A volte ci si ferma a guardare dei sassolini, pensando che possano nascondere la fonte dell’arte perfetta, ma in realtà sono solo sassolini.
Oggi volevo fare questa riflessione sul modo in cui faccio arte. Mi guardo sempre intorno e penso di essere un ladro (in senso artistico ovviamente).
Mi piace guardare cosa fanno gli altri non le idee, ma piuttosto i concetti, la trasformazione dei concetti in segni, ovviamente non semplice e molto spesso non mi riesce.
Cambio spesso perché poi mi annoio. Fare sempre le stesse cose è assolutamente deprimente così come non riuscire a trovare, tutto sommato, un linguaggio che mi diverta.
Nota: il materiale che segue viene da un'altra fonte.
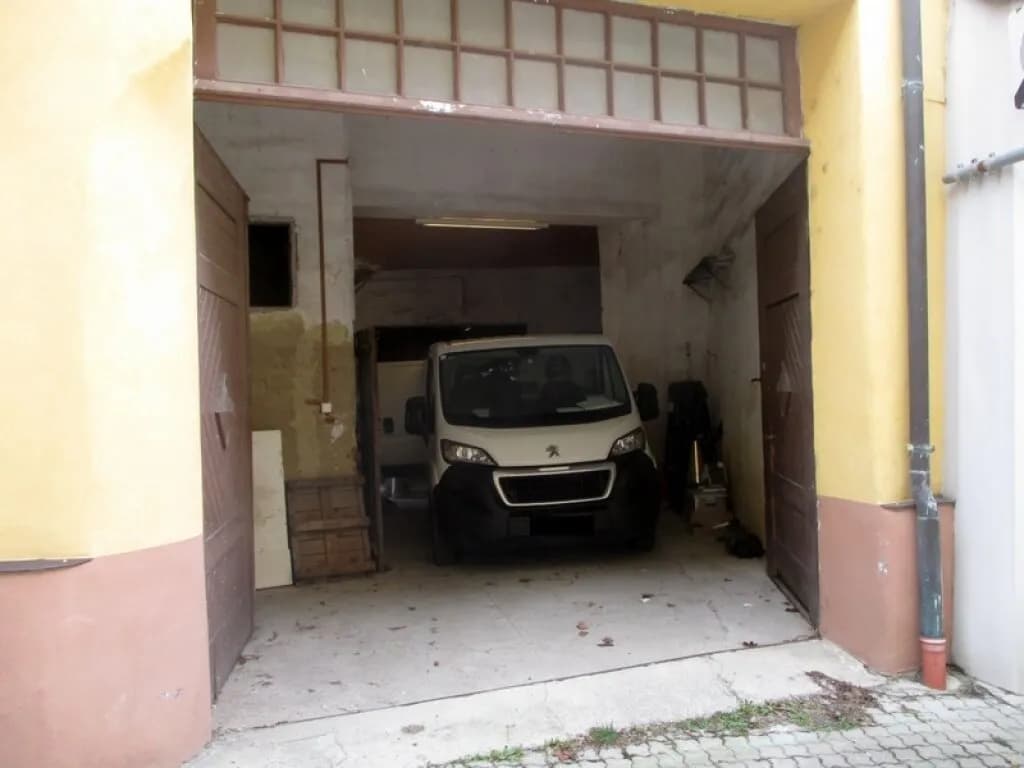 1-Zimmer-Gewerbeimmobilie mieten in Horn – 86 m², € 1.000 – Bild 7 von 9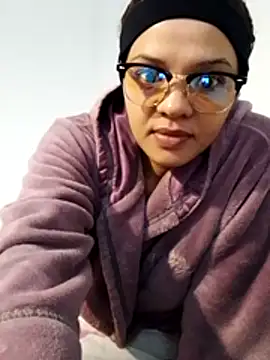 Snapshot of Cadence28 chatting on 11.23.25 Cadence28 online show from 11.23.25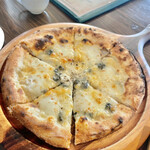 クリエッタ - クワトロフォルマッジ（4種類のチーズ）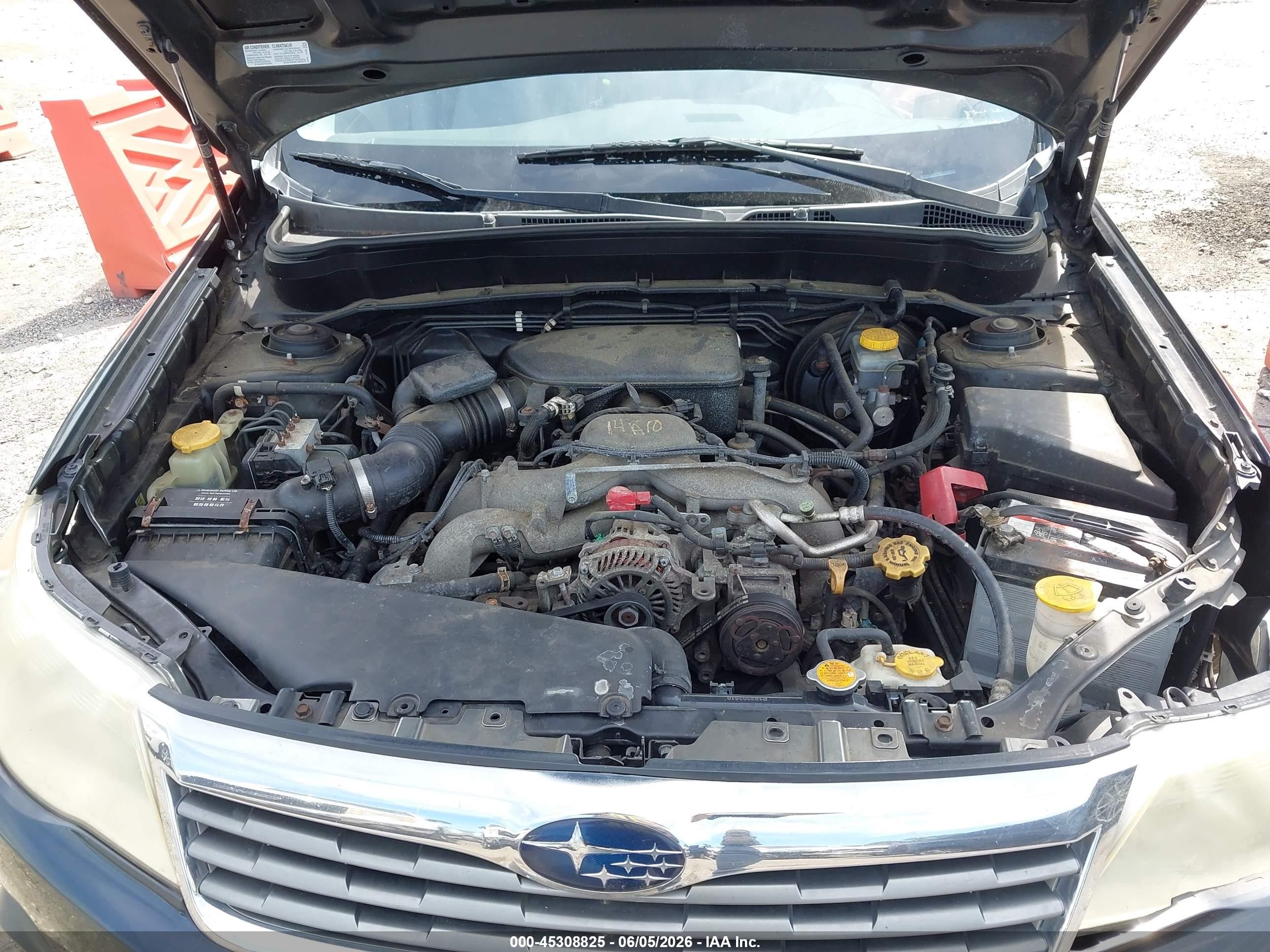 2010 Subaru Forester 2.5x Premium Black vin: JF2SH6CC7AH706980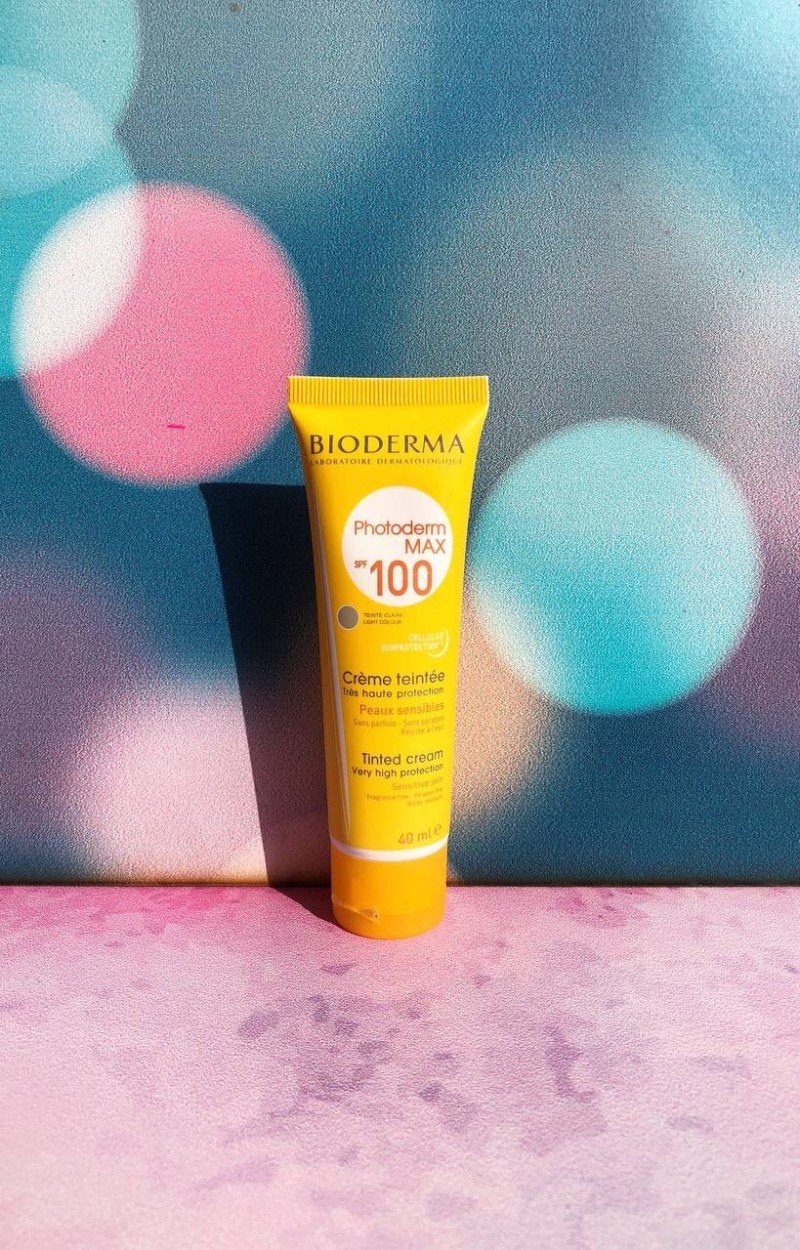 ضد افتاب رنگی spf100بیودرما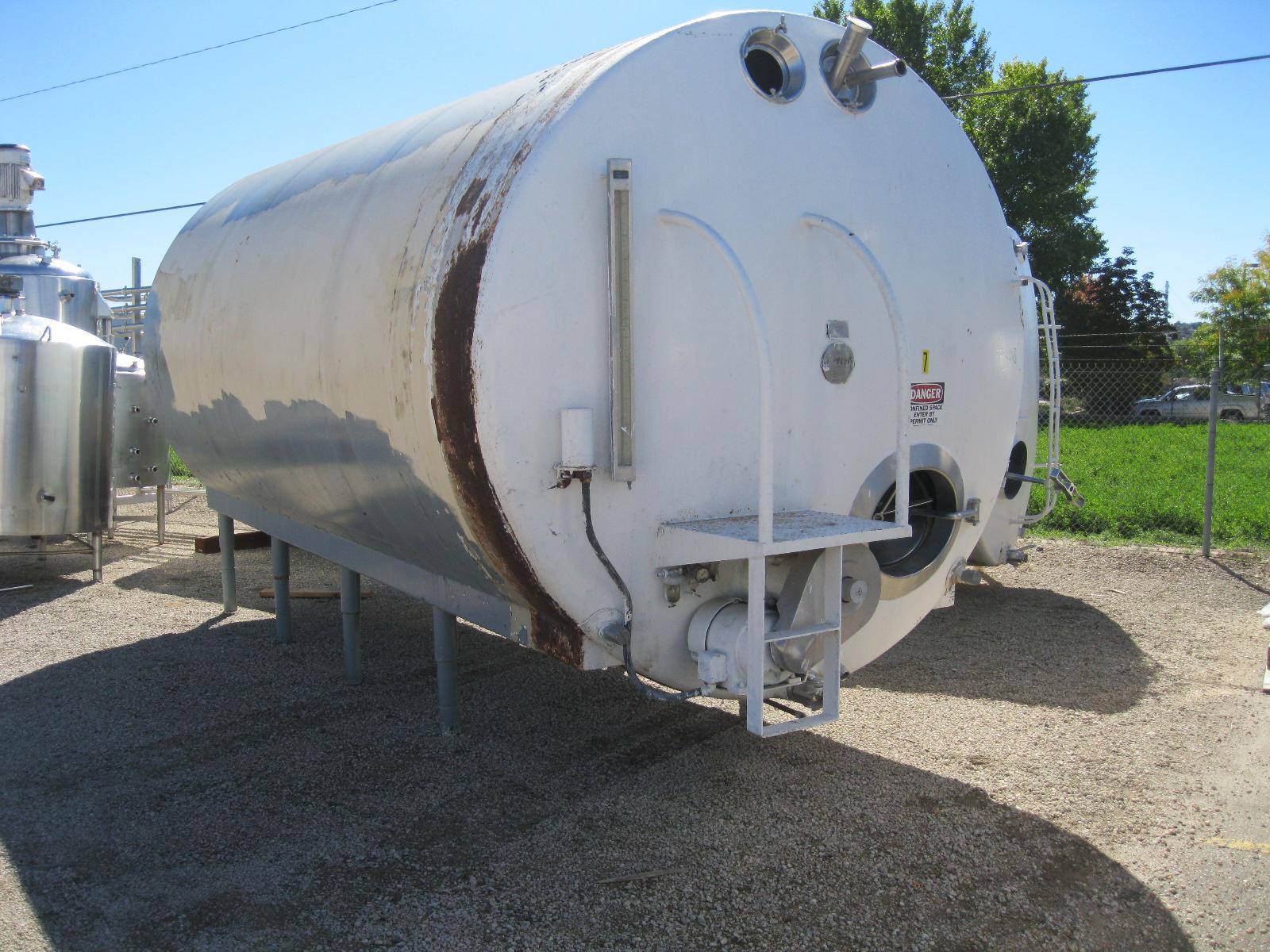 Usado 6000 GALLON STORAGE TANK.  DAIRY CRAFT SERIAL 1600-2
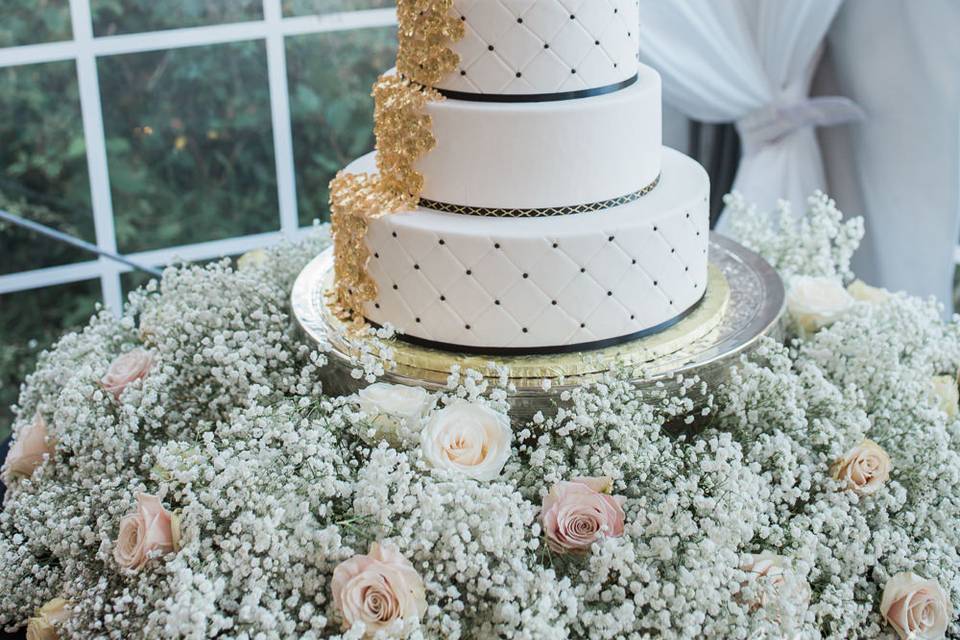 Babies breath cake centerpiece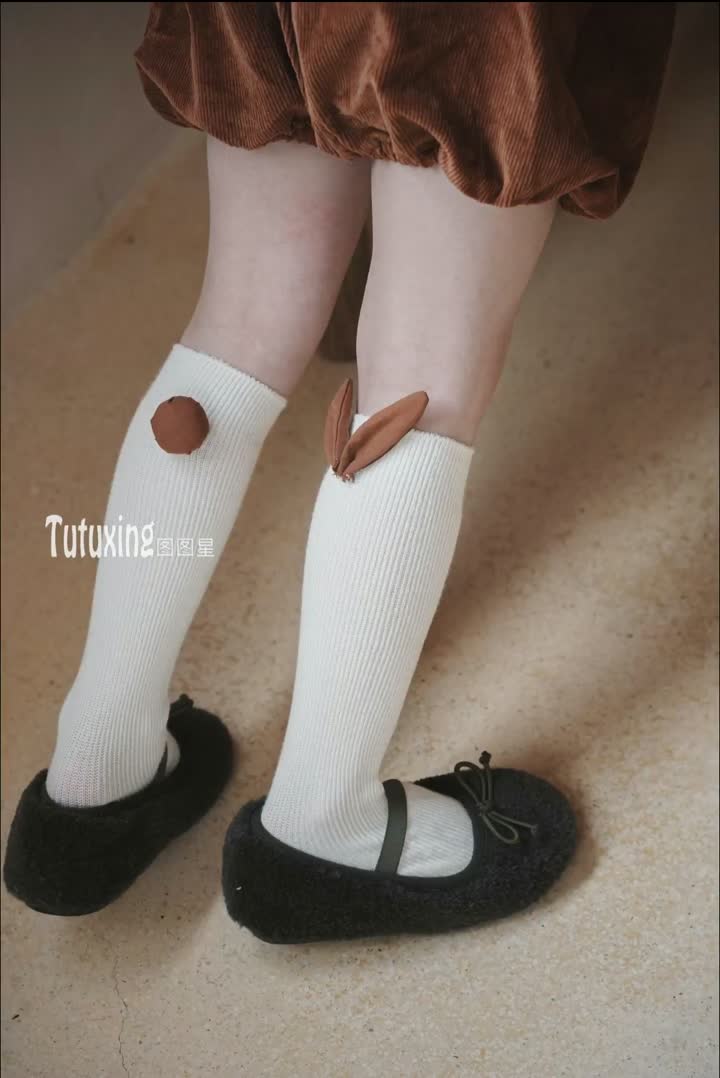 Calcetines medios con orejas de conejo lindo coreano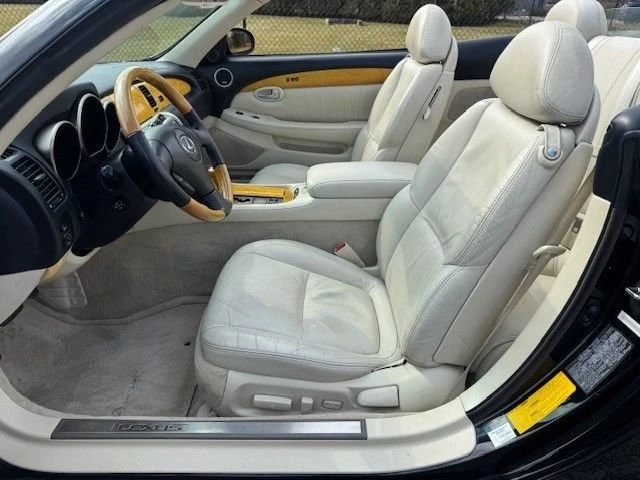2002 Lexus SC430 - Image 17 of 27
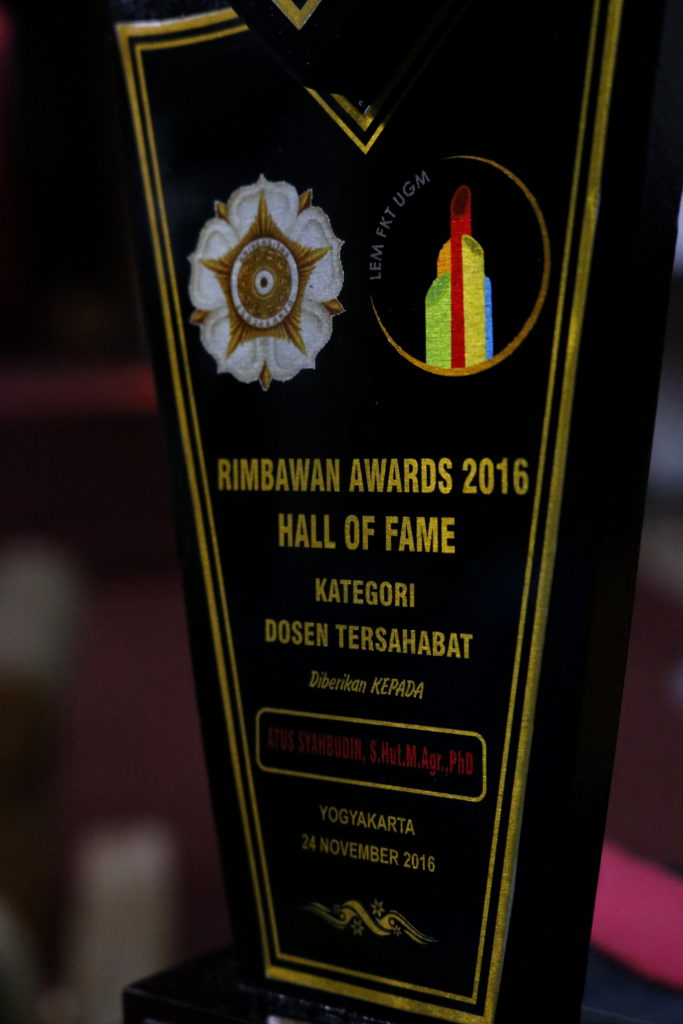 Rimbawan Awards 2016 Dosen Tersahabat Atus Syahbudin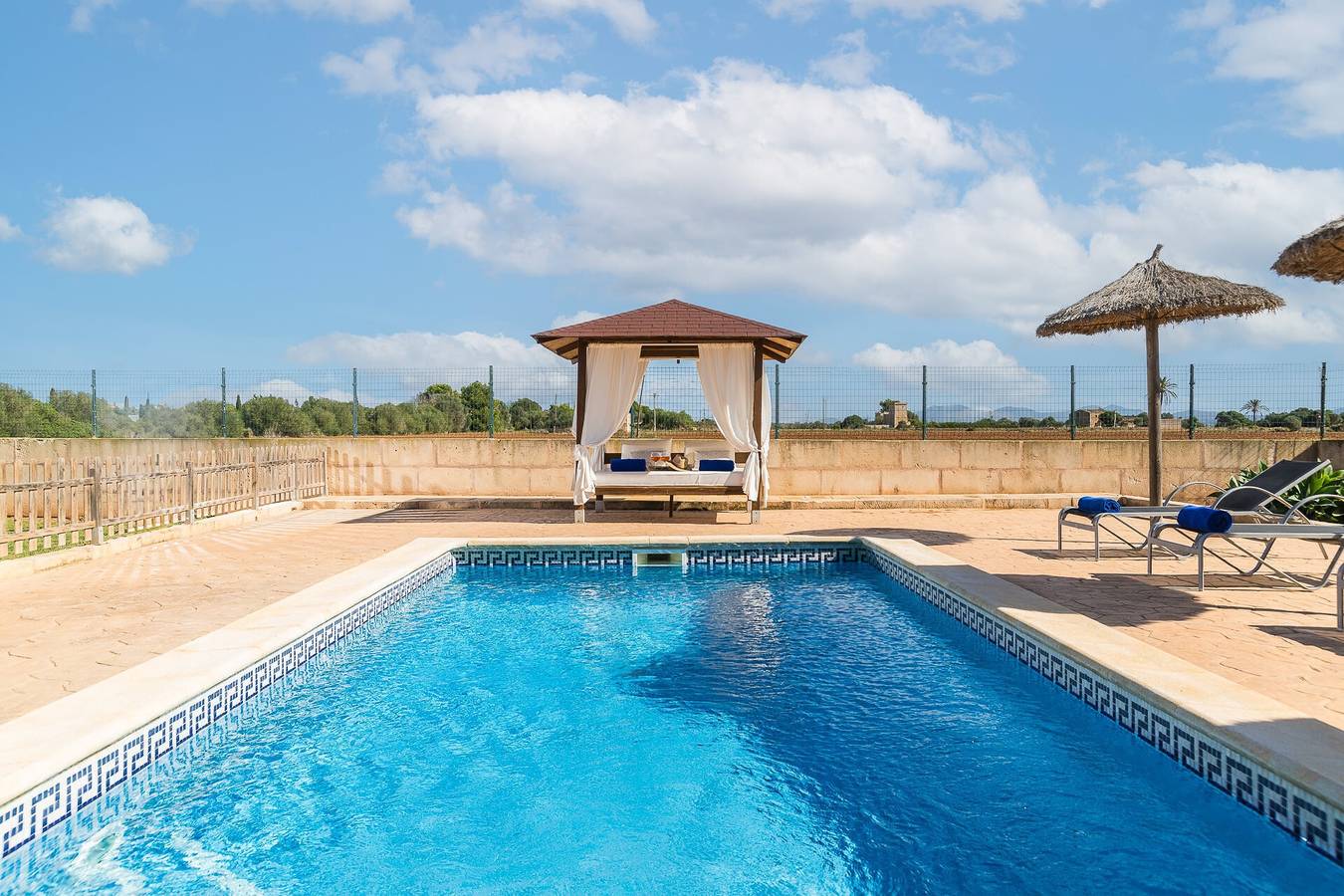Casa de vacaciones "Son Sea" con vistas a la montaña, piscina y Wi-Fi in Campos, Mallorca Sur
Ripercorrendo gli ultimi due anni, rispetto a ciò che ho prodotto, posso sicuramente dire che sono andato nella direzione della semplificazione. Anche se rimango sempre affascinato da dal lavoro di Kirchner, che con colore e linee, a volte molto crude, riesce a raccontare delle storie incredibili; d’altro canto mi piace anche moltissimo la semplicità di Mondrian.
Non ovviamente il Mondrian dell’ultimo periodo, in cui era arrivato l’astrattismo geometrico, ma piuttosto è il processo per arrivare a quell’astrattismo geometrico che mi affascina sempre. Gli alberi di Mondrian, le scomposizioni con cui attraverso linee curve ne realizza la percezione, senza effettivamente mai rappresentarlo.